Storing Provenance for Post-Hoc Analysis: Recording the entire provenance graph of the execution of large distributed systems remains a significant challenge. Moyer et al. show that even a relatively modest distributed system could generate several thousand graph elements per second per machine [36]. Relatively quickly, this means handling graphs containing billions of nodes. Several options exist to reduce graph size, such as identifying and tracking only sensitive data objects [4, 45] or performing property-preserving graph compression [27]. We have demonstrated that runtime provenance processing can be used to extract critical information [43], but this might not be sufficient to support some provenance needs. To our knowledge no deployment at scale has yet been attempted to demonstrate the practicality of such provenance storage approaches.

Provenance Reduction: Generating high-level execution representations (see Figs. 1, 2 and 3) from low-level provenance capture at the system or language level requires that provenance be trimmed and summarized. A common technique that is applied is to identify meaningful repeating patterns that can be aggregated in a single node representing a set of actions [32]. Such summarization eases the conversion to graphical representations such as Fig. 3. Summarization may also reduce storage needs.
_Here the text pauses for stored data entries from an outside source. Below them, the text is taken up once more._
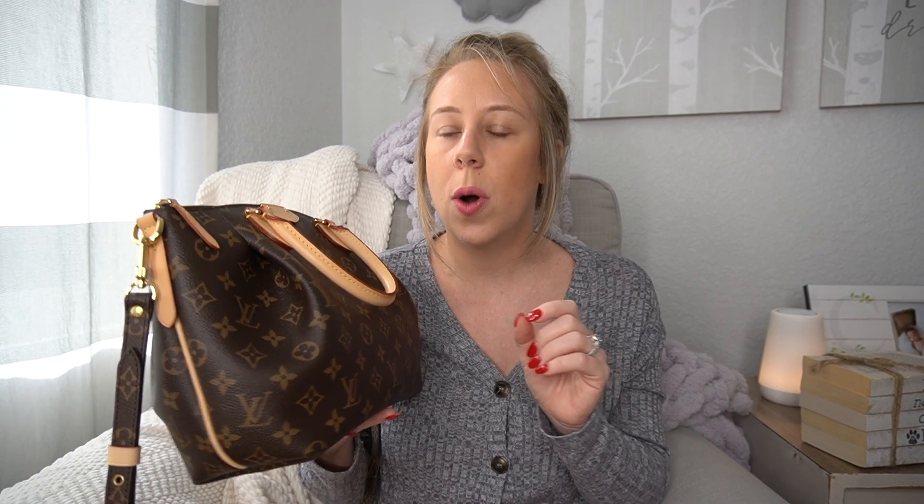Right off the bat you can see that the size is really comparable to the Speedy B, but the main differentiator I love is the structured base. When you wear the Speedy B with an organizer it is structured, but usually the bag does sag and takes the form of the items inside. If you want a more structured and dressier bag, the Turenne PM is a great alternative. It also has a little bit less vachetta than the Speedy, so with the thick side leather pieces it will be more weatherproof.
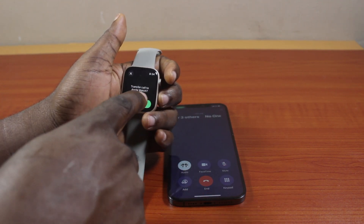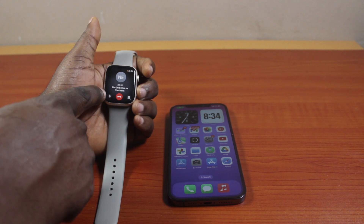Then select 'Transfer call to Apple Watch.' This is going to transfer the call from your iPhone to your Apple Watch.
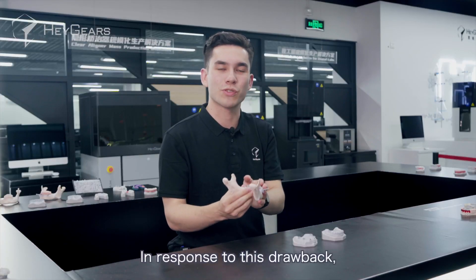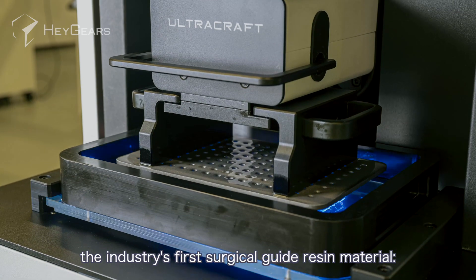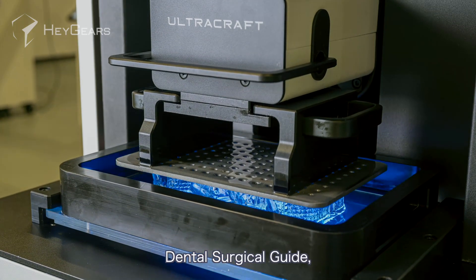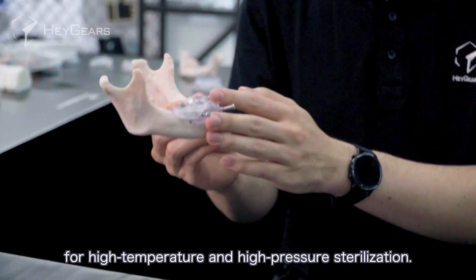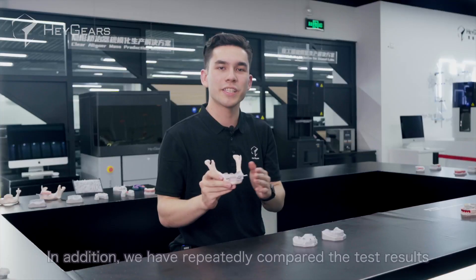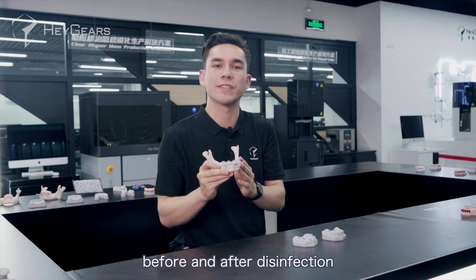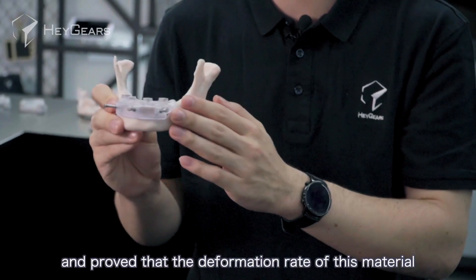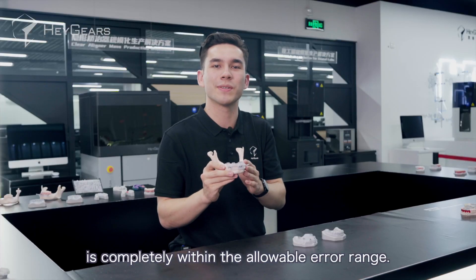In response to this drawback, Haygears pioneered the industry's first surgical guide resin material, Denter Surgical Guide — a material that can be used for high temperature and high pressure sterilization. We have repeatedly compared test results before and after disinfection, and proved that the deformation rate of this material is completely within the allowable error range.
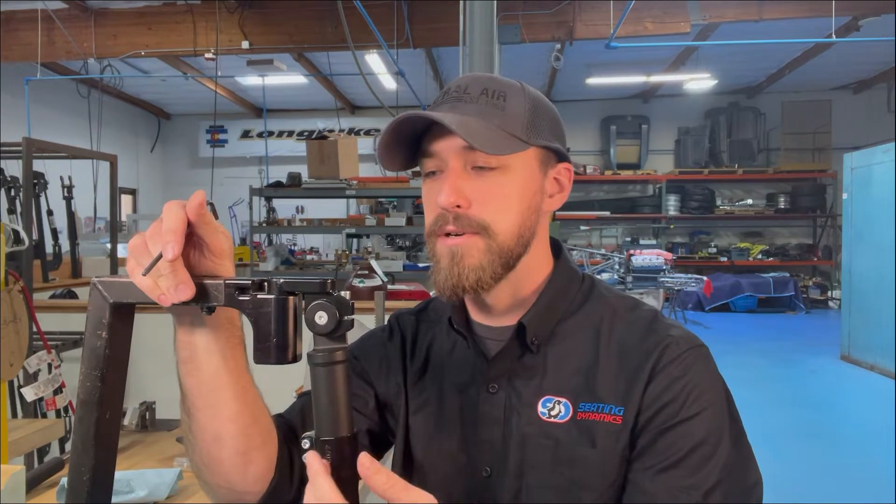In this video I'm going to show you how to change the angle of your dynamic telescoping footrest. This doesn't have the elevation component, so you have a fixed angle at the knee.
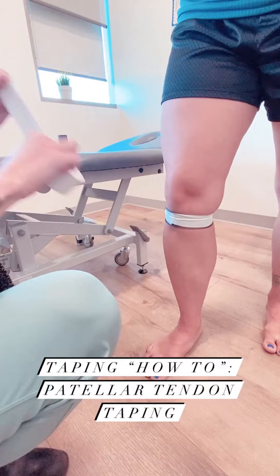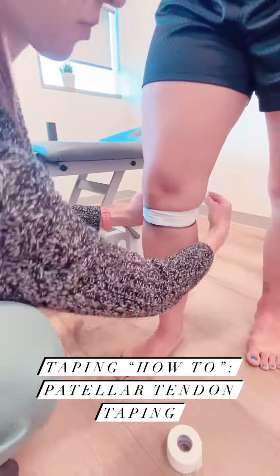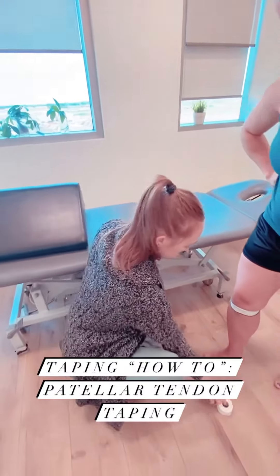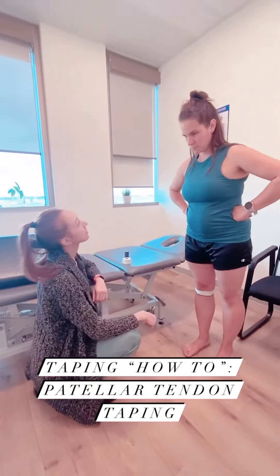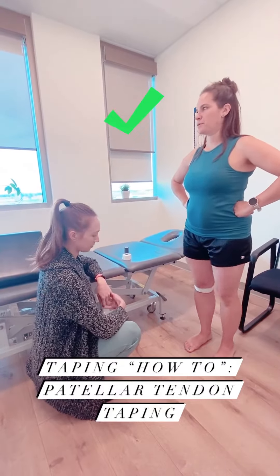For the last strip, we always want to make sure we're not cutting off the athlete's circulation. Toes looking okay — how are you feeling? Good. I'm not cutting off your circulation in your foot? No. Perfect.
However, potential data-loss needs to be considered carefully as important information for forensic investigations may be lost.

Provenance Across Administrative Domains: Managing and using provenance across administrative domains introduces myriad problems, including (1) semantic interoperability, (2) transmitting (trustworthy) provenance across domains, (3) long term provenance archival and access. Although provenance standards exist [6], they are too general to support most applications. This is a vital area of investigation to build a practical deployable solution that reaches beyond a single organization.

6 Conclusion

We have introduced Provtopia—a world in which the path from data to information is annotated so as to effect its careful management and curation. In Provtopia, users have clear visibility of, and control over the use of their data by commercial organizations and government agencies. Those organizations are confident that their distributed systems comply with data handling regulation.

Despite seeming far-fetched, Provtopia is more attainable than you might expect. The provenance technologies required are emerging rapidly from many research projects, today. We provide an overview of the technologies that we and others have developed that help support this vision and highlight a number of key research challenges that remain to be addressed.